Protesters again took to the streets in Budapest to demonstrate against the “slave law” on Thursday evening. The demonstration started peacefully but police later responded to aggressive protestors with teargas.
MTI correspondents reported from the site that several protesters were wearing masks despite the organisers asking participants at the start of the event not to cover their faces. The demonstration was announced by the Free University and Students Trade Union student groups. The crowd started moving from Kossuth Square near Parliament at 6pm and crossed over to Buda on Margaret Bridge where they marched along the riverbank and returned to Pest over Chain Bridge.
The crowd stopped in front of the prosecutor’ office in Marko Street and chanted “we demand free courts!” before moving back to Kossuth Square in front of Parliament where they almost completely filled the square. Some of the participants were holding Hungarian and European Union flags, as well as flags of the opposition Momentum, Jobbik, LMP and Parbeszed parties.
Police formed several lines on the steps of the Parliament to protect the building.
The police chief said that police have been instructed to wear protective gear, including body shields and helmets.
According to the opposition parties, this week’s parliamentary sessions were not conducted lawfully. At a news conference held after Thursday’s House Rules Committee meeting, Tamas Harangozo, the Socialist Party’s deputy group leader, said Monday’s parliamentary agenda had been adopted unlawfully, since the opposition parties’ proposed amendments should have been voted on separately and not all in one go. From that time on, the entire week’s sessions and fines meted out to opposition lawmakers were illegal, he insisted.

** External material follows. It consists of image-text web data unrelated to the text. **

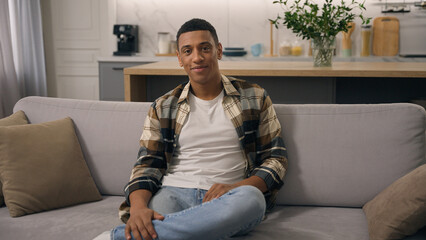 Obraz premium Portrait at home relaxing ethnic man smiling indoors looking at camera at comfortable couch at own estate new rent house healthy African American biracial guy male smile toothy dental at sofa headshot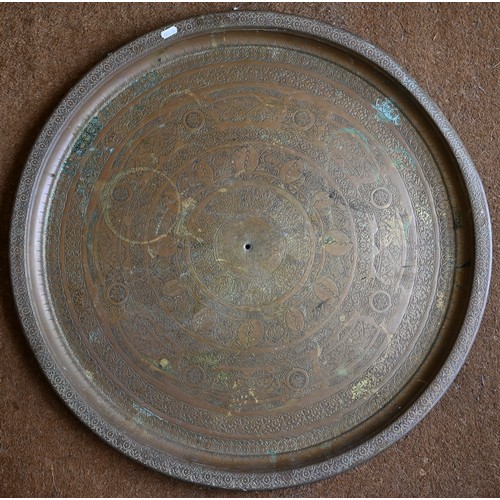 237 - Four large Eastern copper circular trays with engraved decoration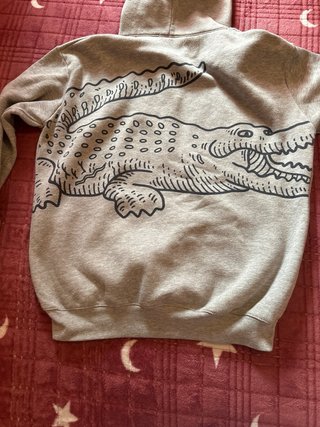 Sudadera gris Lacoste con  capucha y estampado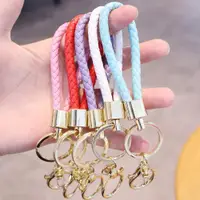 在飛比找ETMall東森購物網優惠-男女士手工編織皮繩鑰匙扣圈汽車鑰匙圈鑰匙學生情侶掛件飾品禮物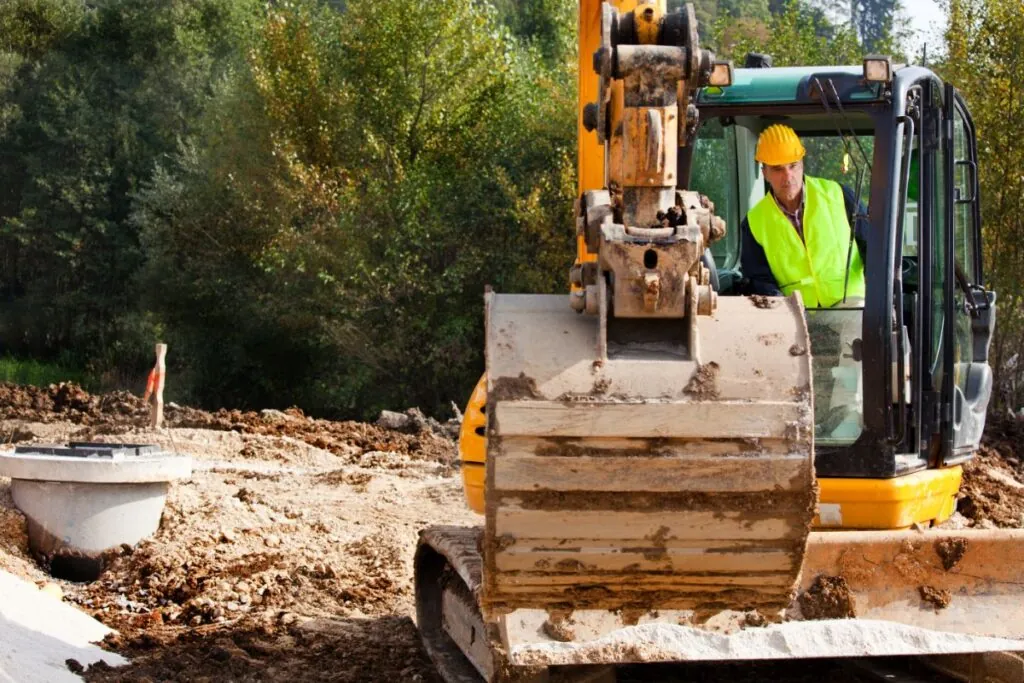 excavator driver on a construction site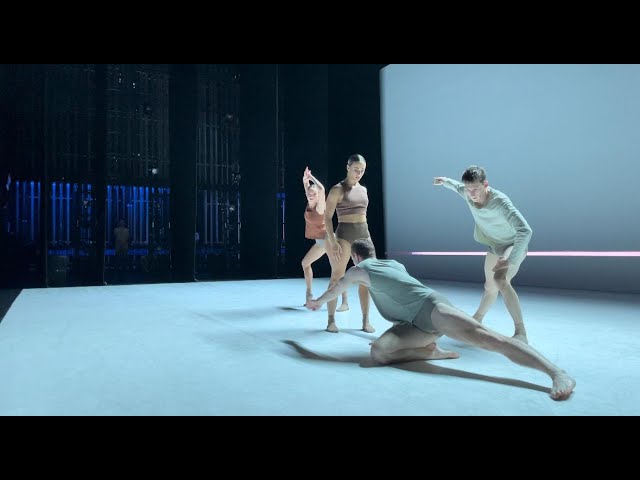 Company dancers on stage with the Australian String Quartet performing 'Impermanence'.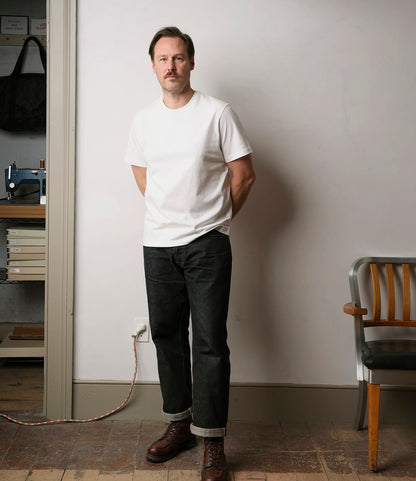 A man with short brown hair and a mustache stands indoors against a white wall, wearing the Best Made Co. Standard T-Shirt Undyed, cuffed black jeans, and brown boots. His hands are behind his back; nearby are a chair and sewing machine.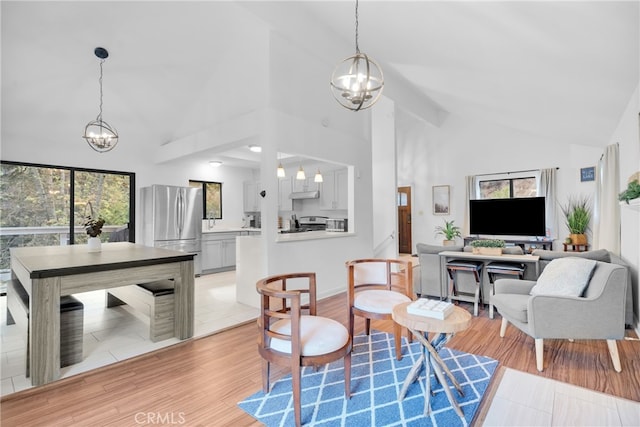 living room with light hardwood / wood-style floors, a notable chandelier, beam ceiling, and plenty of natural light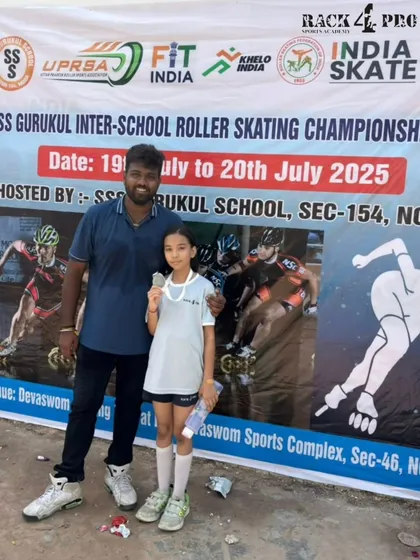 Celebrating an individual victory. One of our dedicated skaters proudly displays her silver medal next to the official banner of the SS Gurukul Inter-School Roller Skating Championship.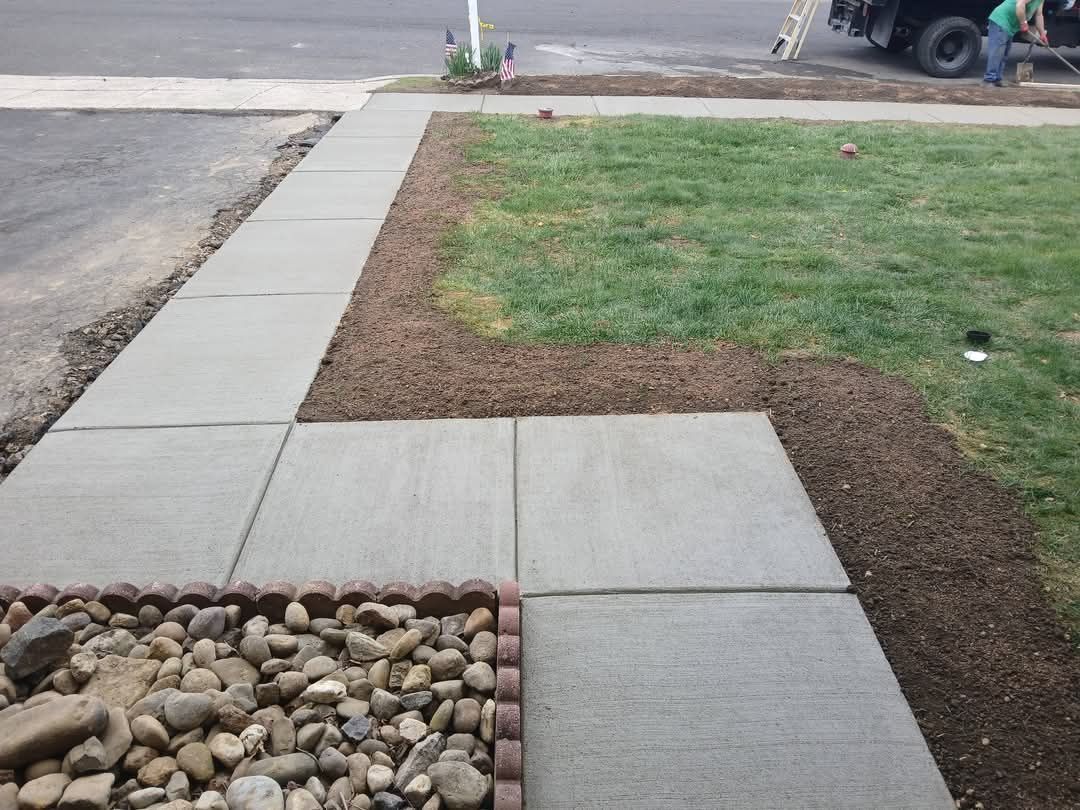 Concrete sidewalk beside a grassy lawn and rock bed at a street corner.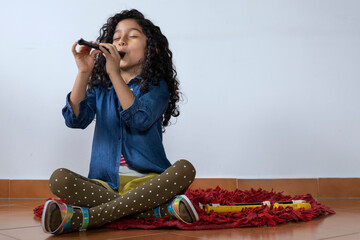 Latin American girl plays the piccolo recorder - obrazy, fototapety, plakaty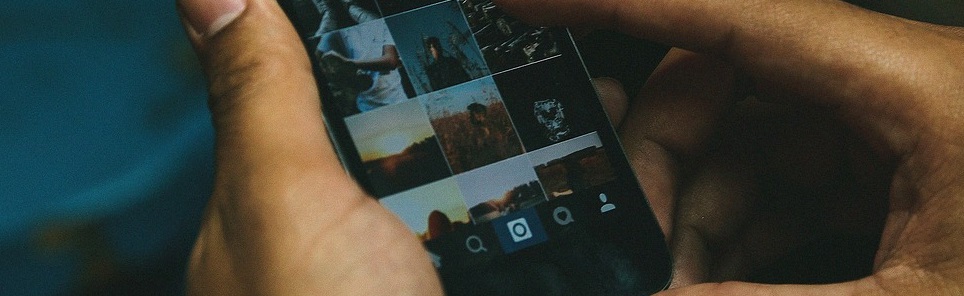 Close-up of hands holding a smartphone displaying a grid of thumbnail images on the screen.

In lieu of the disruptive action the opposition took on Monday, Speaker of Parliament Laszlo Kover today proposed fines of 400,000-600,000 forints (EUR 1,235-1,850) to be paid by Socialist lawmakers Bertalan Toth, Ildiko Borbely Bango, Tamas Harangozo, Agnes Kunhalmi, Sandor Szabo and Bence Tordai (Parbeszed), and Laszlo Varju (Democratic Coalition). The speaker’s proposal must be approved by the Parliament. Meanwhile, the Socialist Party leader said his party had organised Wednesday’s disruptive action in parliament. Bertalan Toth told a press conference that he had got members of his own parliamentary group and other parties to mount the protest at the speaker’s podium but he had told the lawmakers not to commit any violent act. He said he would stand in solidarity with his fellow opposition MPs whatever may take place in the coming period. He added that he rejected the speaker’s “threats” of punishment.
Toth said Socialist MPs took responsibility for their actions because they consider the procedure to adopt the “slave law” illegal and unlawful. He vowed to do everything possible to “eliminate” the law, and he called on the opposition parties to unite on the issue.
An opposition Jobbik party official said the “illegitimate slave law” would bring Hungarian workers to their knees. Janos Stummer, the party’s deputy leader, told a separate news conference that Orban’s government had acted “against the Hungarian nation” by adopting the law amendment which, he insisted, was rejected by the majority of employees in the country. He slammed the government for allowing MPs in Wednesday’s session to vote without their parliamentary identity cards. He also said unauthorised people had been allowed in the chamber, including armed bodyguards.
“What is this if not trampling all over Hungarian democracy and Hungarian democratic traditions?” Stummer also criticised left-wing MPs who “behaved in a manner unworthy of their position”.
He also condemned public protesters outside Parliament who damaged the country’s Christmas tree in Kossuth Square and who threw eggs at Parliament during a demonstration in the evening.
The Fidesz parliamentary group said in a statement in reaction to Toth’s press conference that the Socialists MPs who whipped up a disturbance in parliament were the same ones who, when in government, had “made a million people unemployed”. “The opposition, in a hopeless position, made clowns of themselves in parliament, acting aggressively and colluding with the Soros organisations that organised violent street protests,” the ruling party said.
Fidesz, it added, was “on the side of employees” and had always been a government of job creation. “The point of the labour code amendment is to ensure that those who want to work and earn more don’t face bureaucratic obstacles,” the statement said.